What happened to my pumpkin pie?

Libby's pumpkin pie mix

Read by Brenda

I have cherished memories of holiday meals from my childhood. Certain foods were always on the table for Thanksgiving and Christmas, and it just wasn’t a festive spread without them. Pumpkin pie for dessert was a must. But that was many years ago and about 8,000 kilometers across the Atlantic Ocean, and the pie I bake today is quite different from the one my mother made.  

Read more: What happened to my pumpkin pie?

Pumpkins originally come from America. Although first imported to Europe centuries ago, they were not always as popular as they are now, particularly in Germany. Also, Germany was not nearly as Americanized several decades ago as it is today. There were virtually no breakfast cereals on the shelves, hardly any American candy, fewer processed foods, and the basic ingredient for pumpkin pie was missing, too.

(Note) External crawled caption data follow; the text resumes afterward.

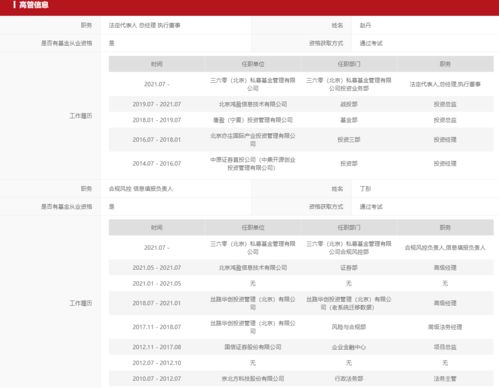 战略投资新支点 三六零旗下首个股权管理公司正式备案，资金或多元配置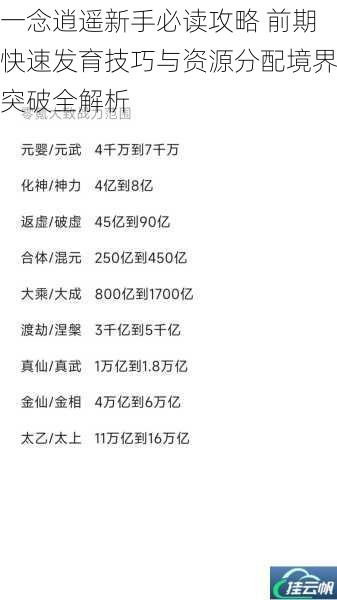 一念逍遥新手必读攻略 前期快速发育技巧与资源分配境界突破全解析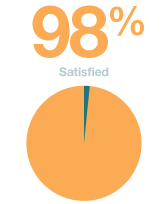 Satisfaction with IEP Direct's  Ease of Use - 98 percent agree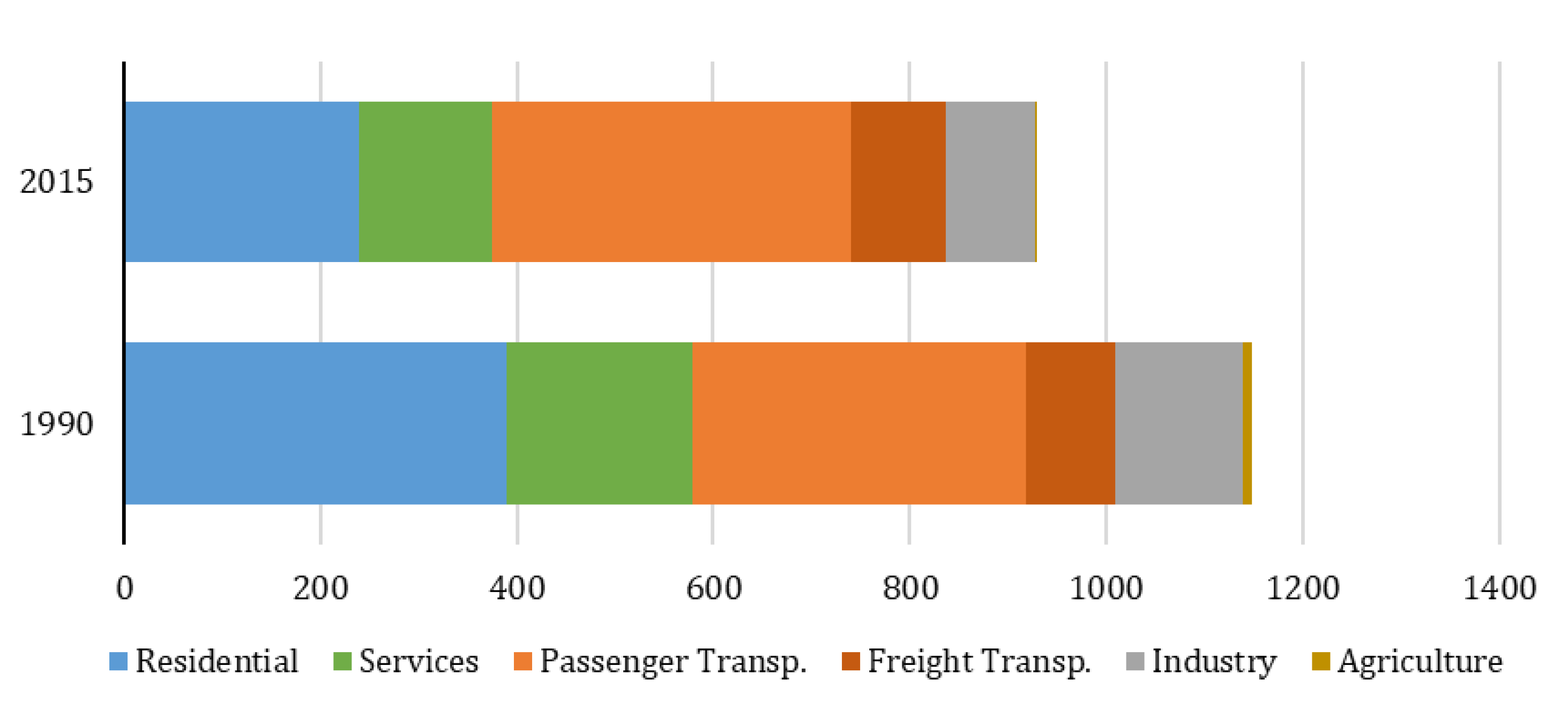 Energies 14 00461 g003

You might think that ingredient would be pumpkin, which is very wholesome of you and I encourage you to keep up your unprocessed diet principle of “no trash.” But when I was growing up, processed foods were all the rage. So in my family, we used what most people did to make pumpkin pie, lovingly referred to as “pumpkin stuff,” which was canned pumpkin. You just had to open the can (which we did with our automatic can opener, of course; wouldn’t want to exert too much effort for something we’re putting in our bodies), add spices, eggs, and condensed milk, pour it into a pie shell and bake it.

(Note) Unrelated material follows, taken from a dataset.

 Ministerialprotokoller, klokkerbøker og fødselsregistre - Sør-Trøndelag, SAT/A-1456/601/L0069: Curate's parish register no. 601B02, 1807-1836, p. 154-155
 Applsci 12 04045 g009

Welcome to 1970s American cuisine. It was a culinary Wild West of pre-packaged food, ready-made ingredients and unresearched chemicals. Yee-hah!

But not only did Germany have no pumpkin mix, they didn’t even have pumpkins. This is hard to fathom today, looking at the roadside tables here piled high with the giant orange fruit, just like in the U.S. It’s easy for me to wax nostalgic while standing at one of these tables, remembering the pumpkin patches at home—right up until a BMW or Mercedes roars up beside me, interrupting my reverie. This is Germany after all.

The large-scale cultivation of pumpkins became noticeable here at some point in the 1990s. But this was not to satisfy my craving for pumpkin pie but rather to bolster a growing Halloween tradition. There was money to be made. I quickly learned how to bake a pumpkin for a pie—and was embarrassed to discover how easy it was.

Feeling smug about this new expertise, during an October visit to my sister one year, I encouraged her to bake her Halloween pumpkin, too, instead of letting it rot on the front porch as usual. She thought I was out of my mind and told me so, inviting me with a sneer to do it myself.

“I’ll show her,” I thought. Not only did I bake it, I pureed it, divided it up into the cups of a muffin tin for freezing, then removed the frozen portions and stored them in a plastic bag. These would be perfect for use in pie or soup. Martha Stewart would have been proud. My 1970s-style-cooking mother would have been perplexed at all the effort.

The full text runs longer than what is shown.